= Assigned task =
Because the pictures are not wanted, give back only the exact text of every entry below.

= Supplied records =
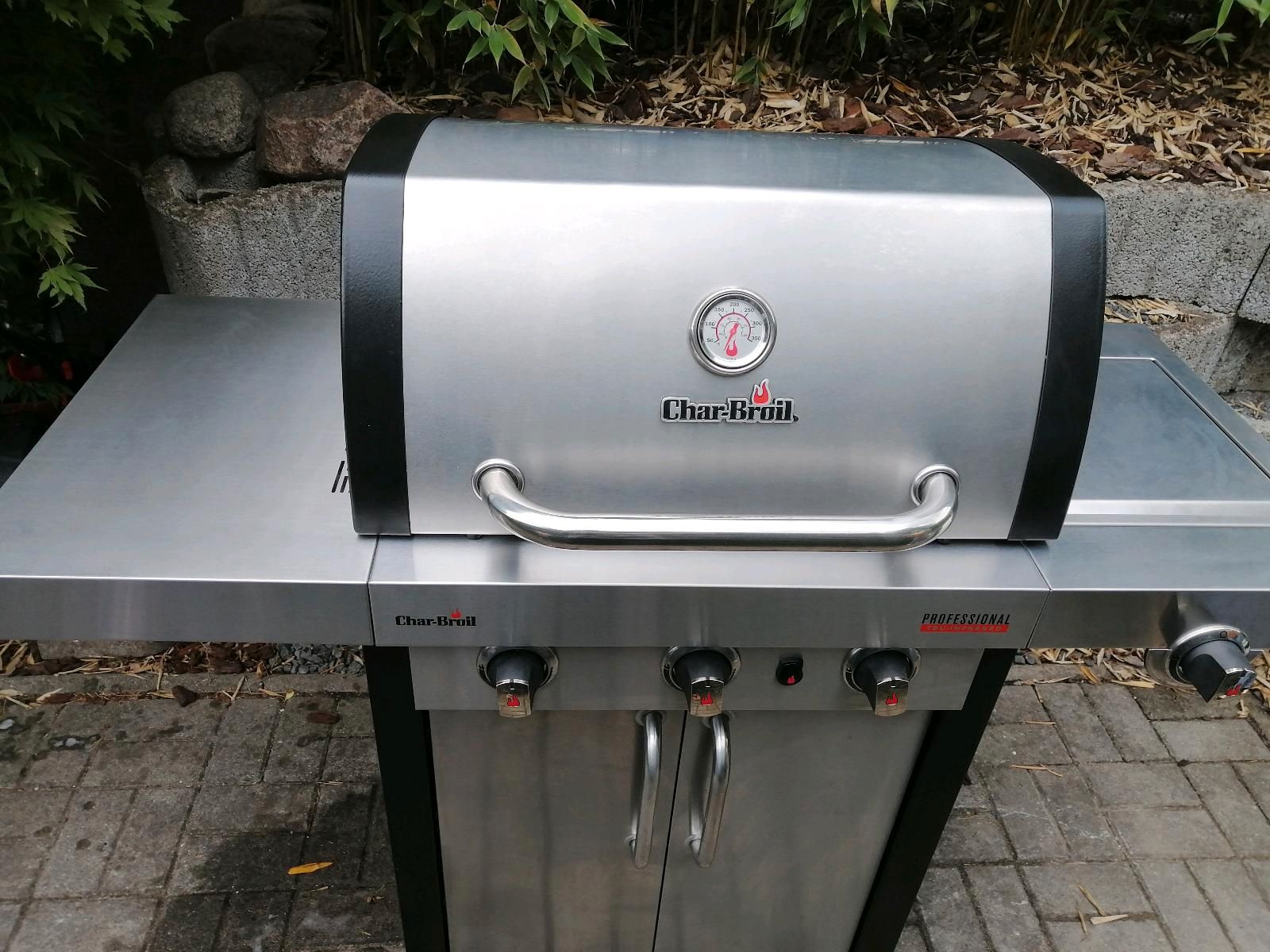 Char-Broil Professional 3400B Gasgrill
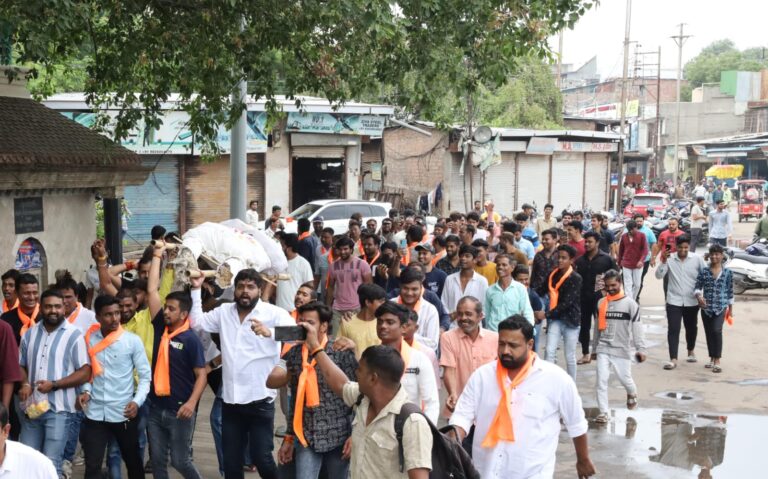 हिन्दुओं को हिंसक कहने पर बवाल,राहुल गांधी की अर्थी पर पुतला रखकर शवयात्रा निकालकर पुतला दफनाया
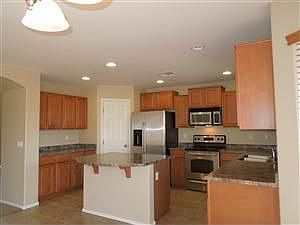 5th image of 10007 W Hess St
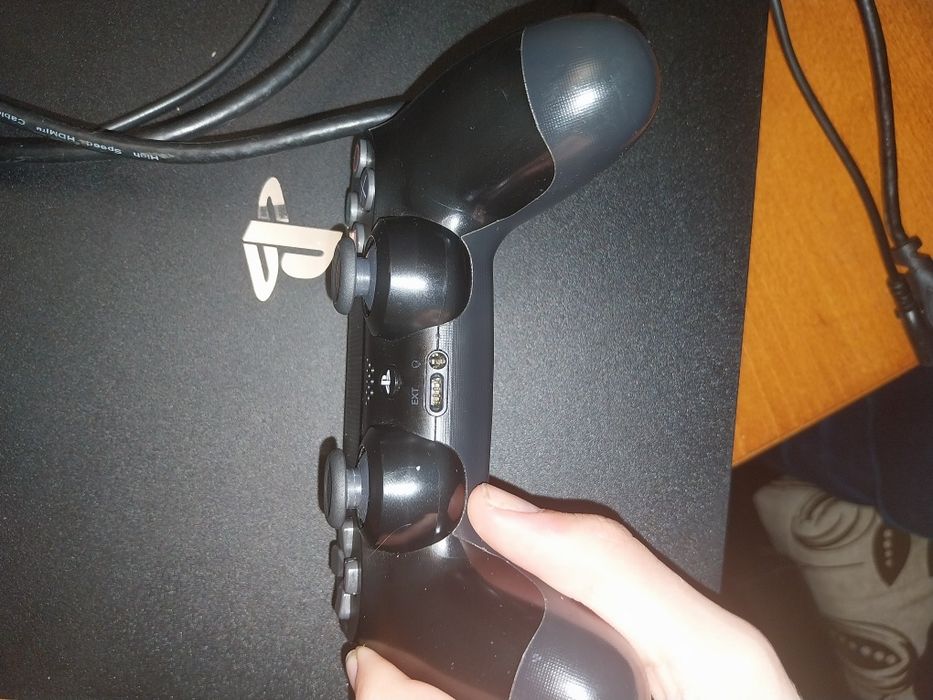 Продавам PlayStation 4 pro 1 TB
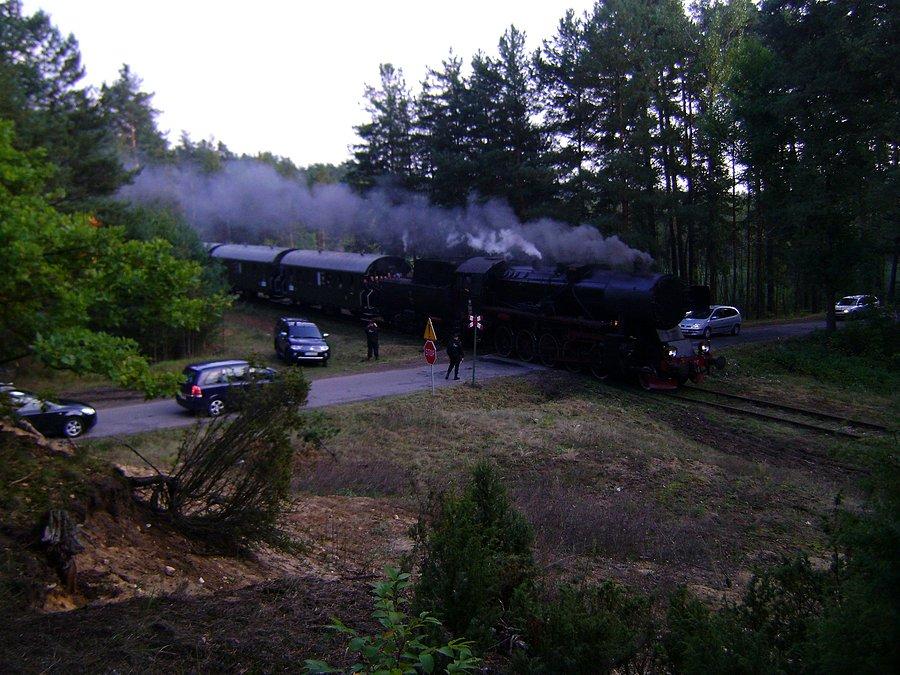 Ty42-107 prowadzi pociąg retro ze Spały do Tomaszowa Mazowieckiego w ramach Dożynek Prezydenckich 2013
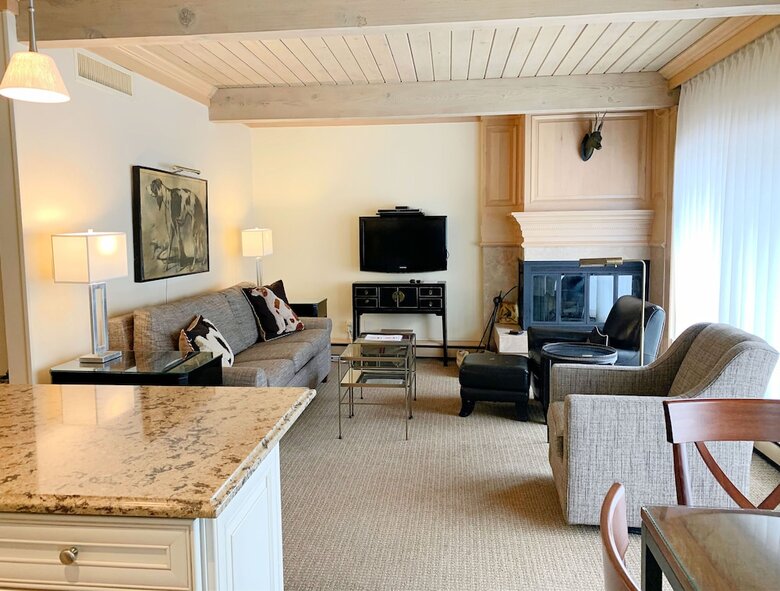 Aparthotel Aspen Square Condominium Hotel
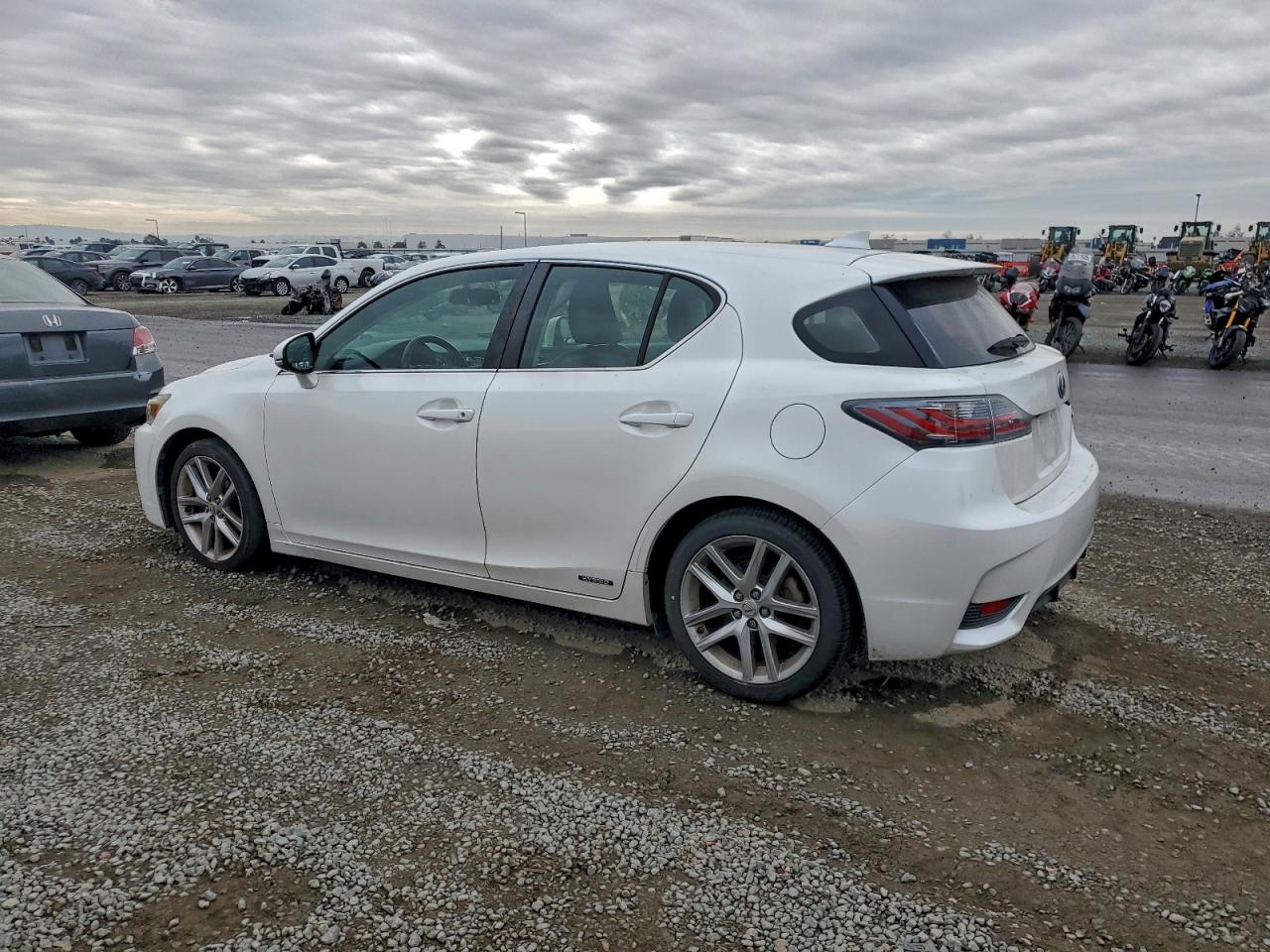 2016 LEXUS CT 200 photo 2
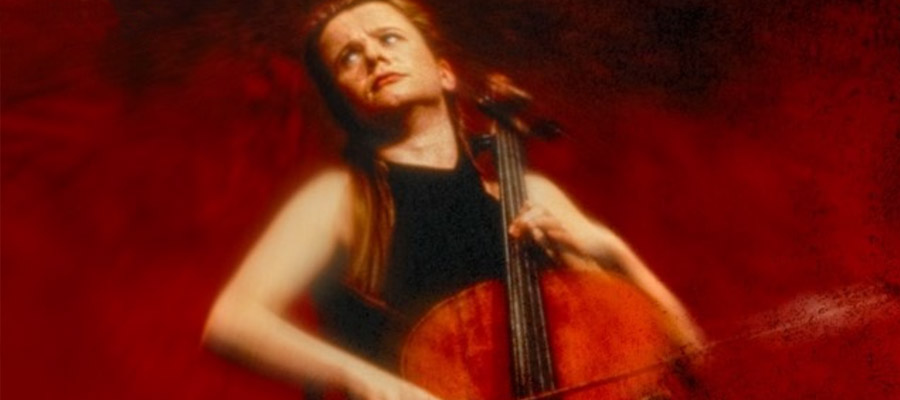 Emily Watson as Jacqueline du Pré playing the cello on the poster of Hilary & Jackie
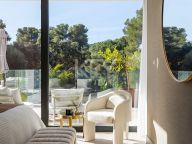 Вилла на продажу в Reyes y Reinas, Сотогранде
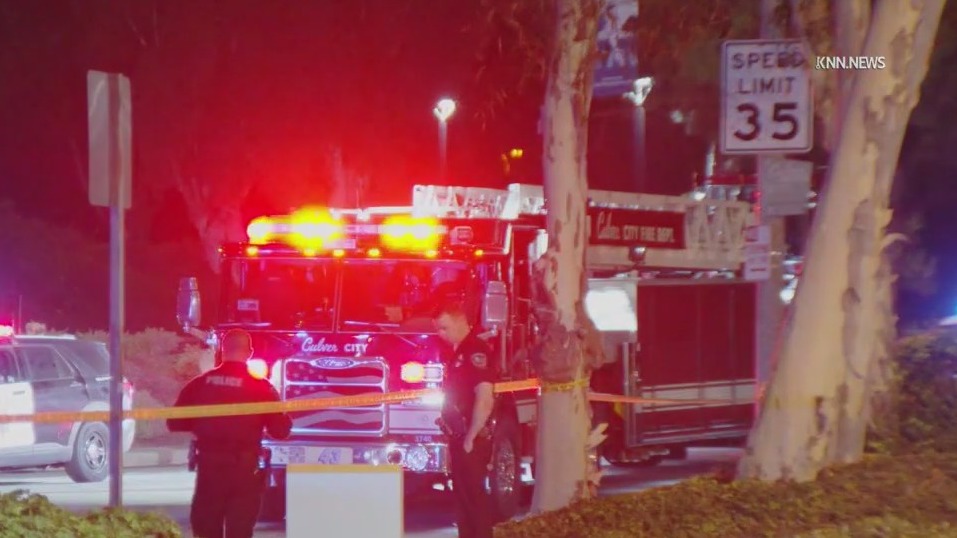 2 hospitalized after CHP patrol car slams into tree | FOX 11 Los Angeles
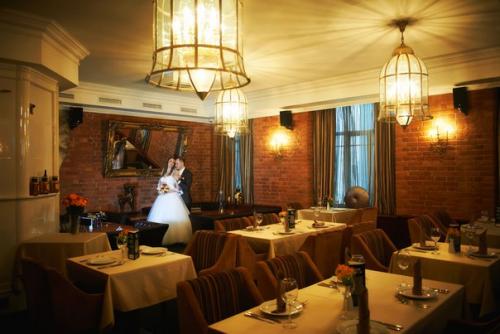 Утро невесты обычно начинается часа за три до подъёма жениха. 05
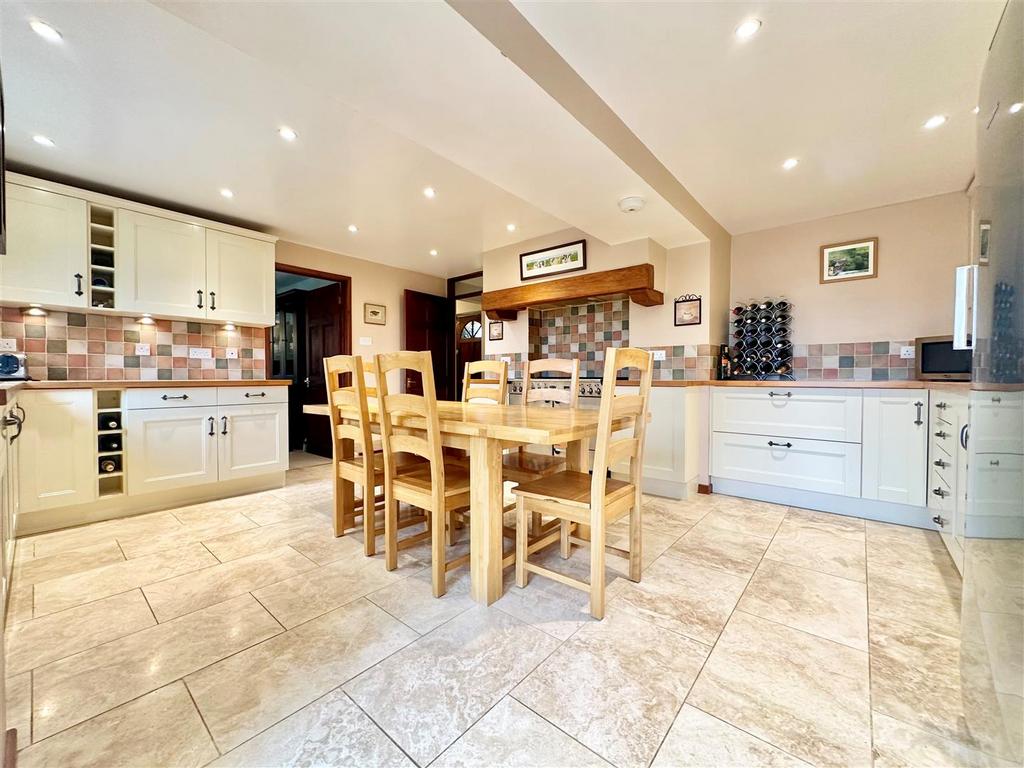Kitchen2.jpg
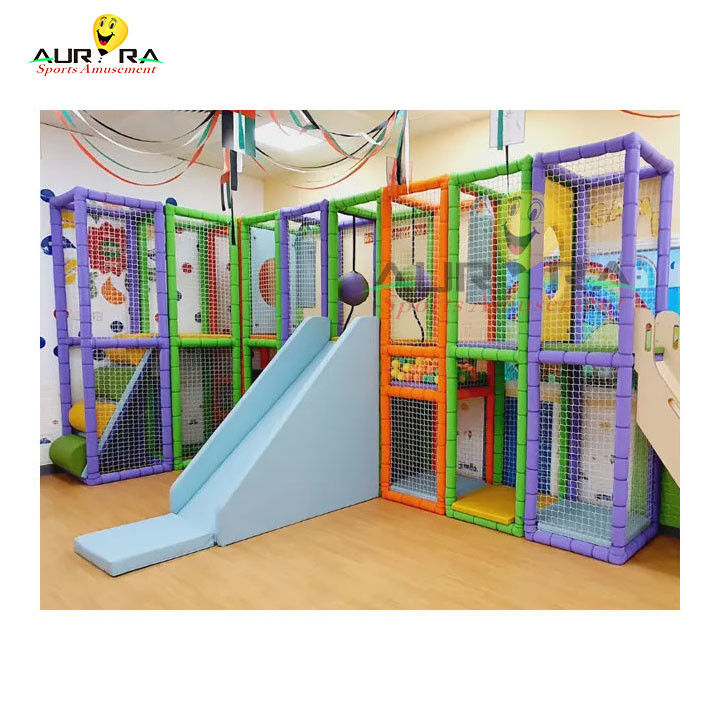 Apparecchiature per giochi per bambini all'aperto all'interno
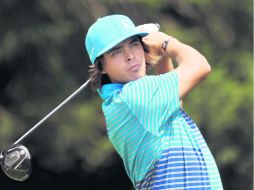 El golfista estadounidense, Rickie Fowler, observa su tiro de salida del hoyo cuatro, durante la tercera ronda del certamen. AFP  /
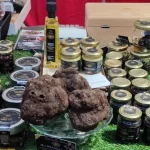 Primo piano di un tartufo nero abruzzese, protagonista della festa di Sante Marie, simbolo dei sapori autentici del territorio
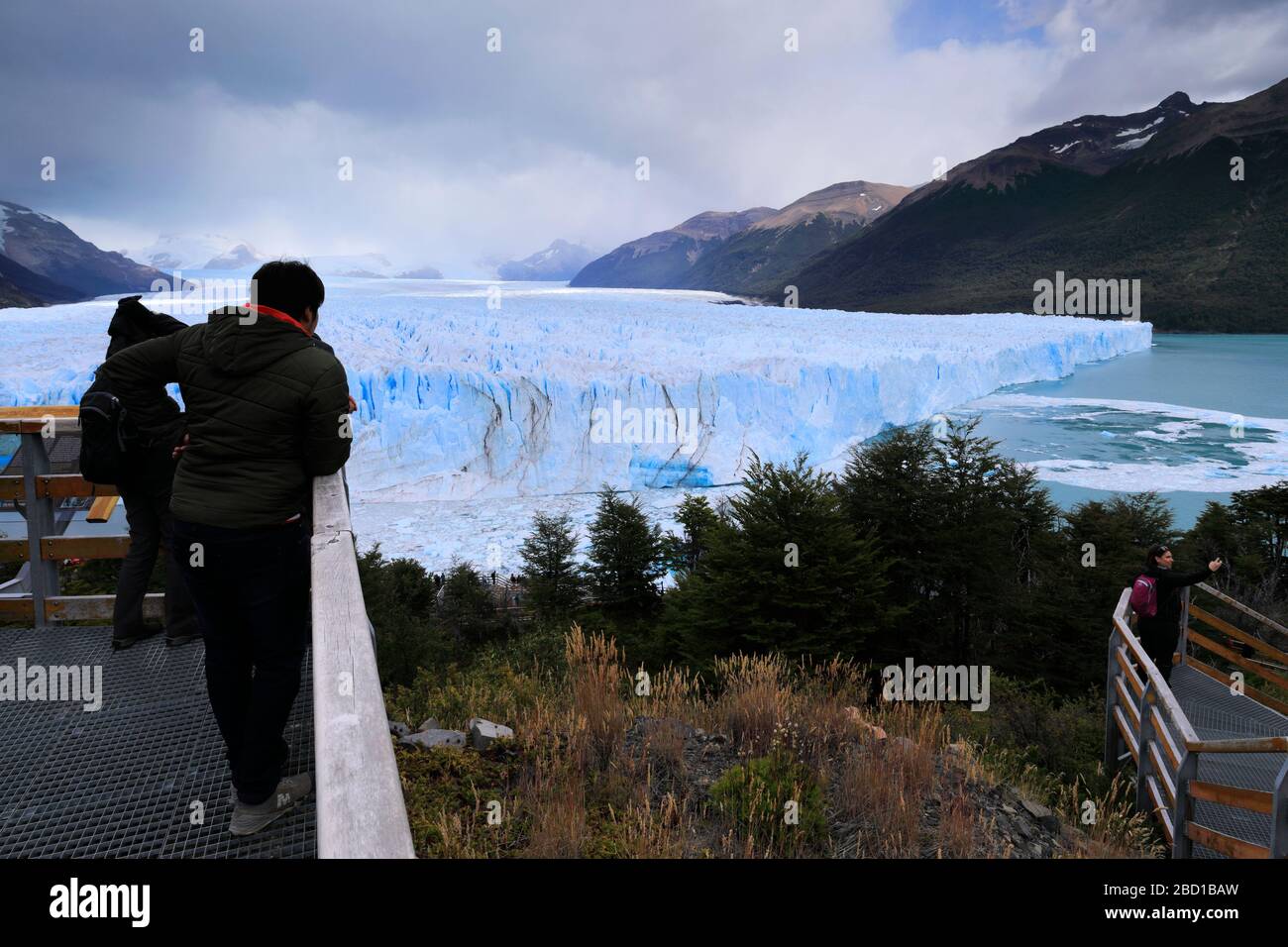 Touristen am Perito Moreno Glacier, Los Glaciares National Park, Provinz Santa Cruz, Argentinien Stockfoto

= Expected answer =
 Char-Broil Professional 3400B Gasgrill
 हिन्दुओं को हिंसक कहने पर बवाल,राहुल गांधी की अर्थी पर पुतला रखकर शवयात्रा निकालकर पुतला दफनाया
 5th image of 10007 W Hess St
 Продавам PlayStation 4 pro 1 TB
 Ty42-107 prowadzi pociąg retro ze Spały do Tomaszowa Mazowieckiego w ramach Dożynek Prezydenckich 2013
 Aparthotel Aspen Square Condominium Hotel
 2016 LEXUS CT 200 photo 2
 Emily Watson as Jacqueline du Pré playing the cello on the poster of Hilary & Jackie
 Вилла на продажу в Reyes y Reinas, Сотогранде
 2 hospitalized after CHP patrol car slams into tree | FOX 11 Los Angeles
 Утро невесты обычно начинается часа за три до подъёма жениха. 05
Kitchen2.jpg
 Apparecchiature per giochi per bambini all'aperto all'interno
 El golfista estadounidense, Rickie Fowler, observa su tiro de salida del hoyo cuatro, durante la tercera ronda del certamen. AFP  /
 Primo piano di un tartufo nero abruzzese, protagonista della festa di Sante Marie, simbolo dei sapori autentici del territorio
 Touristen am Perito Moreno Glacier, Los Glaciares National Park, Provinz Santa Cruz, Argentinien Stockfoto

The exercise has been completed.